Work item:
Transcribe the whole listing without a single picture.
Recorded information Block Start
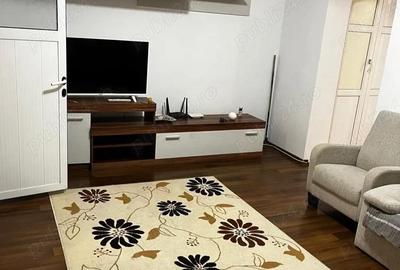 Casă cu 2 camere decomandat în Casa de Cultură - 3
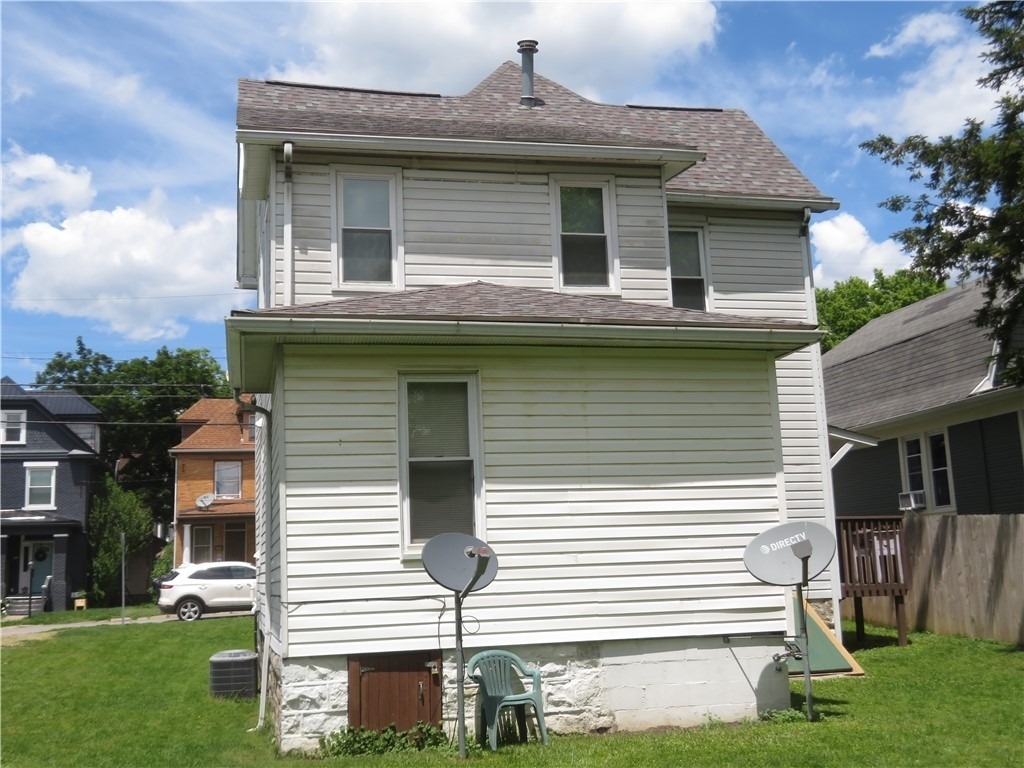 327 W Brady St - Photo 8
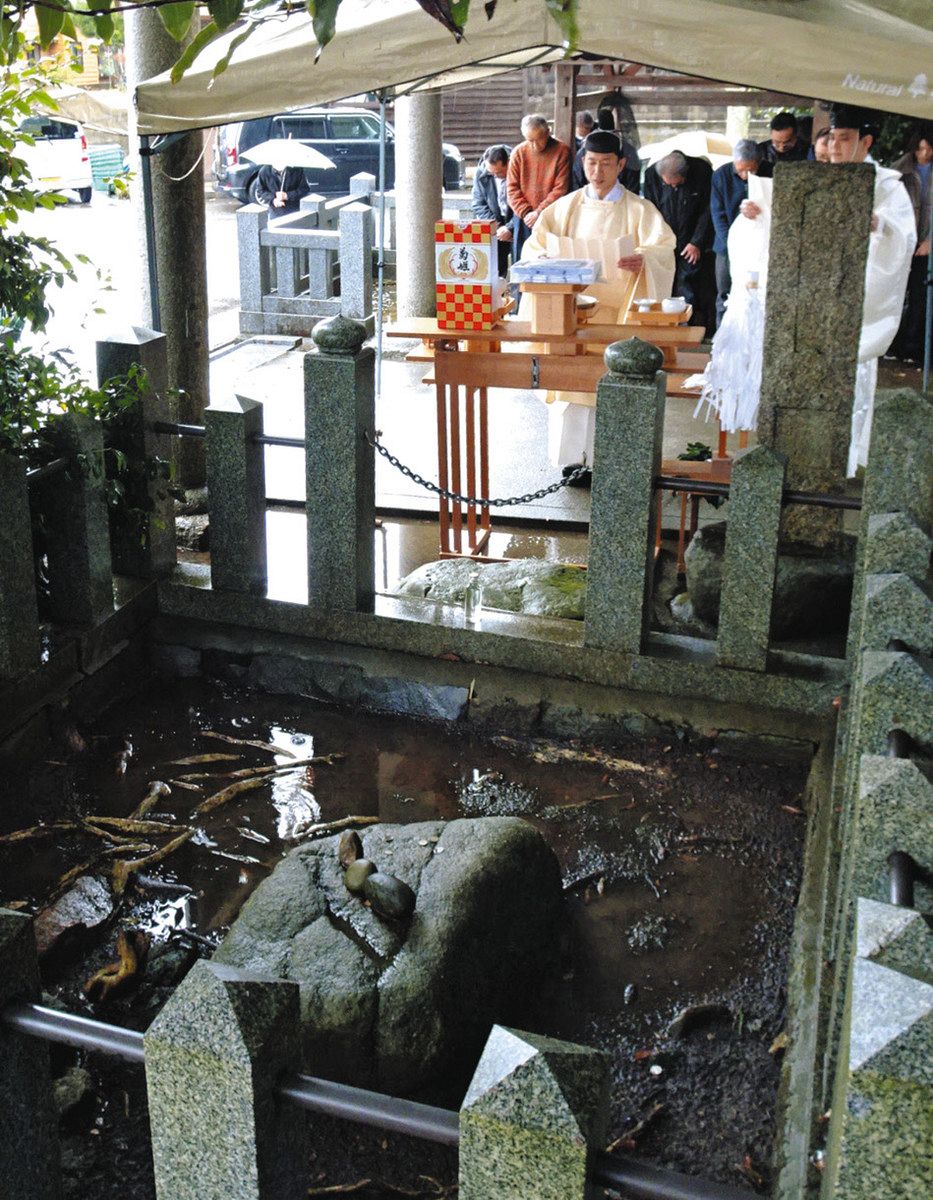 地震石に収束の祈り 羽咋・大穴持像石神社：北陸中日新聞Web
Recorded information Block End
Solution to this task:
 Casă cu 2 camere decomandat în Casa de Cultură - 3
 327 W Brady St - Photo 8
 地震石に収束の祈り 羽咋・大穴持像石神社：北陸中日新聞Web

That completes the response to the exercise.